• WORK INSTRUCTION: Every line below from the one with "Hello, welcome. My" through the one with "My next tip" is to be repeated exactly, with no picture among them.

• GIVEN DATA:
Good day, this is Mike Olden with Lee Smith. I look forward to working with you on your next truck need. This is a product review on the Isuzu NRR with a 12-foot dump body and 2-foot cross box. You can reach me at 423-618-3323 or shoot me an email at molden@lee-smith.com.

...

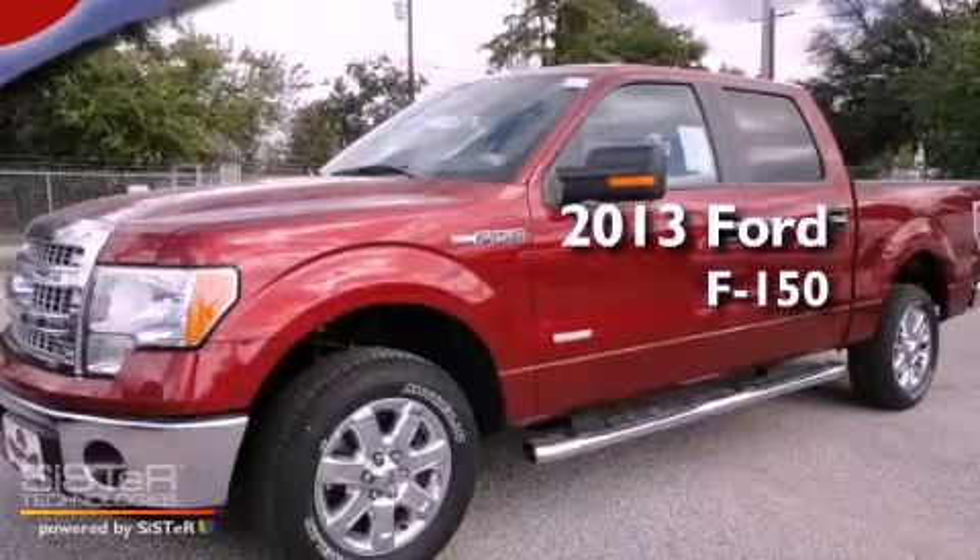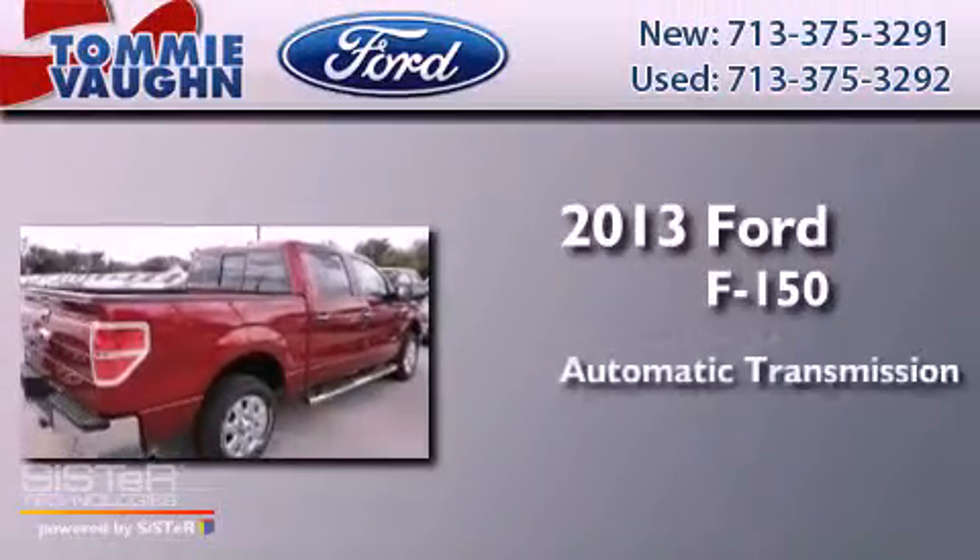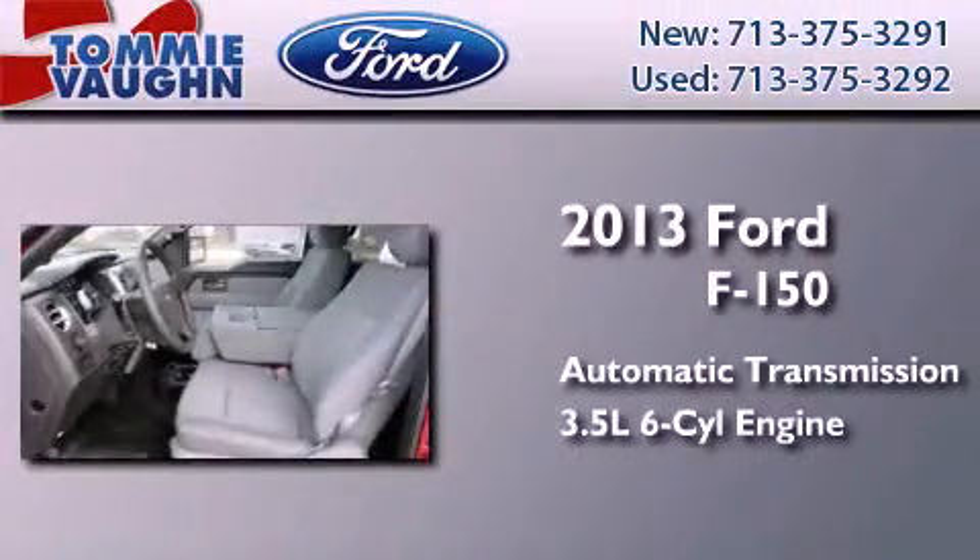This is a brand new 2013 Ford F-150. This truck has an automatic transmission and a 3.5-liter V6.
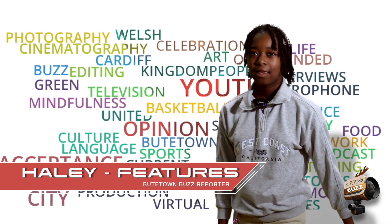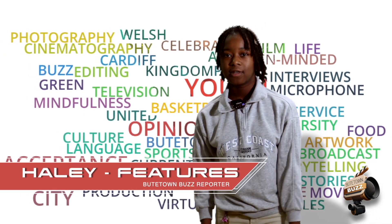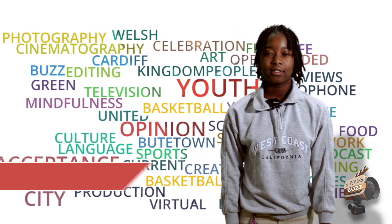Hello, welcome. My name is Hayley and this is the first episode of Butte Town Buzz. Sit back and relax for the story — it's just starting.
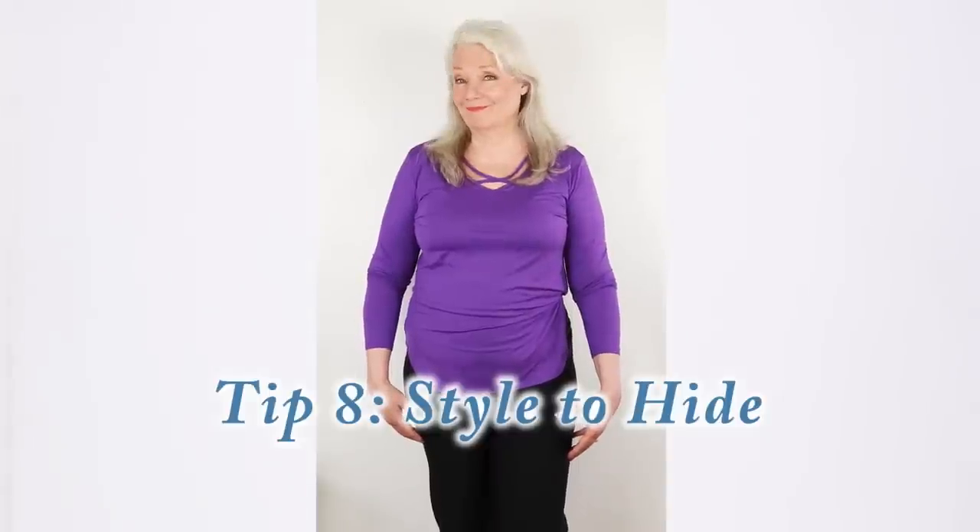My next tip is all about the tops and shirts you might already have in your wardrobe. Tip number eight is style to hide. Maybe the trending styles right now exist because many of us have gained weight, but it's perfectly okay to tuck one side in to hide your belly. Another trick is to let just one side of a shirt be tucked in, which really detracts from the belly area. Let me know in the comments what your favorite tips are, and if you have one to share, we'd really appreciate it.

* * *

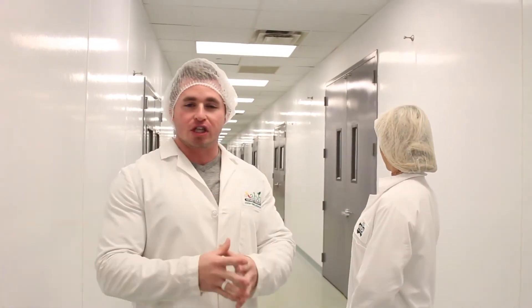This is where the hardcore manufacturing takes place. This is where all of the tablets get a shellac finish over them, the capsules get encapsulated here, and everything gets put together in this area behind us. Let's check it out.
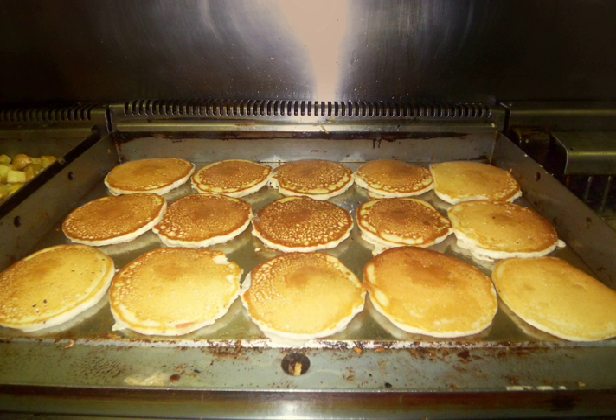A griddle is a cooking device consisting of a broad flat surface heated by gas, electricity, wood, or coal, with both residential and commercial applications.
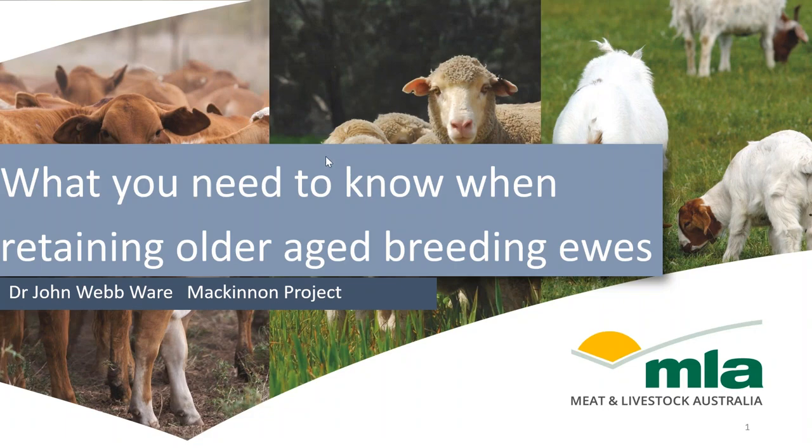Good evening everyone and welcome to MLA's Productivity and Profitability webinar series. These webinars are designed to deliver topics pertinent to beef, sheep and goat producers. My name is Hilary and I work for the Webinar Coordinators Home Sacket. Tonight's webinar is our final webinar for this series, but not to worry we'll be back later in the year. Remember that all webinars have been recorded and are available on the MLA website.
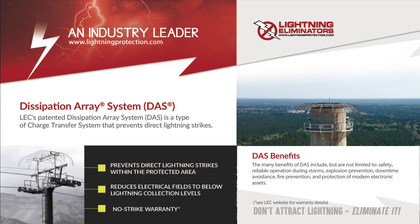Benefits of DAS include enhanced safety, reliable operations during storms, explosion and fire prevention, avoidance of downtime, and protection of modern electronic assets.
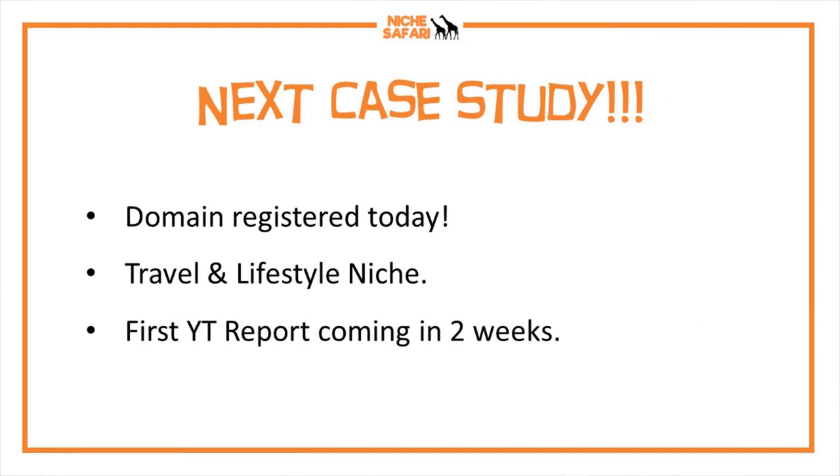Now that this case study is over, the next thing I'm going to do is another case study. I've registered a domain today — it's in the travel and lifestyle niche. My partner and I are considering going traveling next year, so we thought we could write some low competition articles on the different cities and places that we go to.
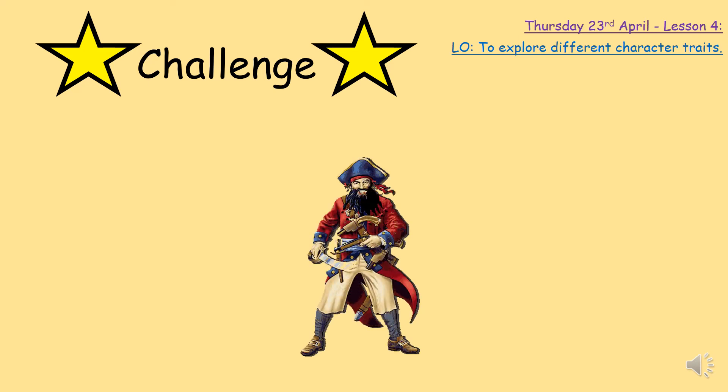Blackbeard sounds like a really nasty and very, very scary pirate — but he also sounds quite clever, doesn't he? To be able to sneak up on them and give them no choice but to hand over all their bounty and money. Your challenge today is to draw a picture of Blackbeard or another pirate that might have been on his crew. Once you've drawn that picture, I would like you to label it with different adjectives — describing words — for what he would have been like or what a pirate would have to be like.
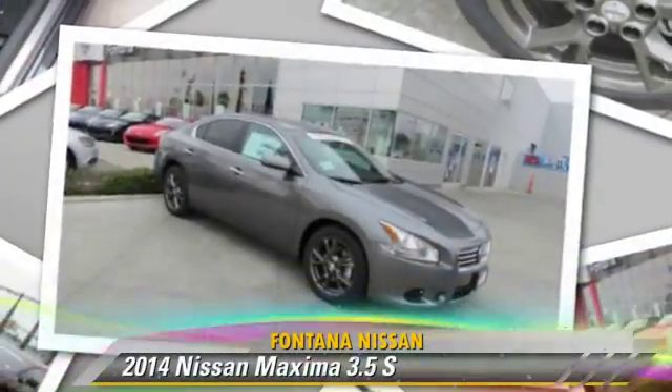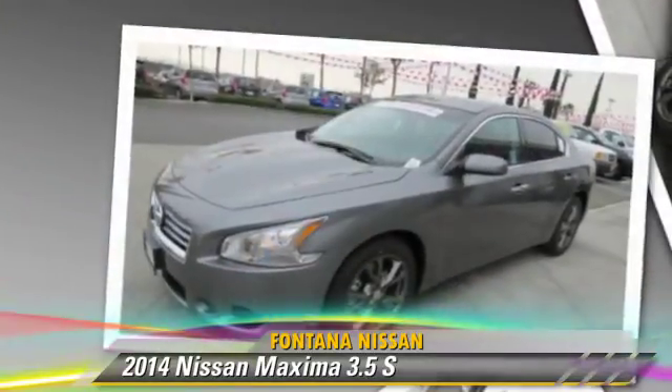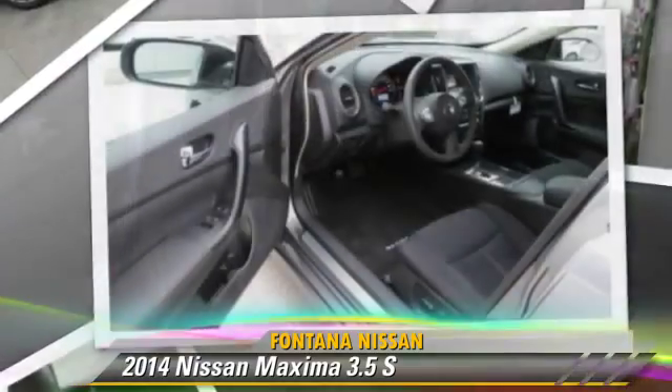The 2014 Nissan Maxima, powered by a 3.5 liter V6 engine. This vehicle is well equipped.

• TASK ANSWER:
Hello, welcome. My name is Hayley and this is the first episode of Butte Town Buzz. Sit back and relax for the story — it's just starting.
My next tip is all about the tops and shirts you might already have in your wardrobe. Tip number eight is style to hide. Maybe the trending styles right now exist because many of us have gained weight, but it's perfectly okay to tuck one side in to hide your belly. Another trick is to let just one side of a shirt be tucked in, which really detracts from the belly area. Let me know in the comments what your favorite tips are, and if you have one to share, we'd really appreciate it.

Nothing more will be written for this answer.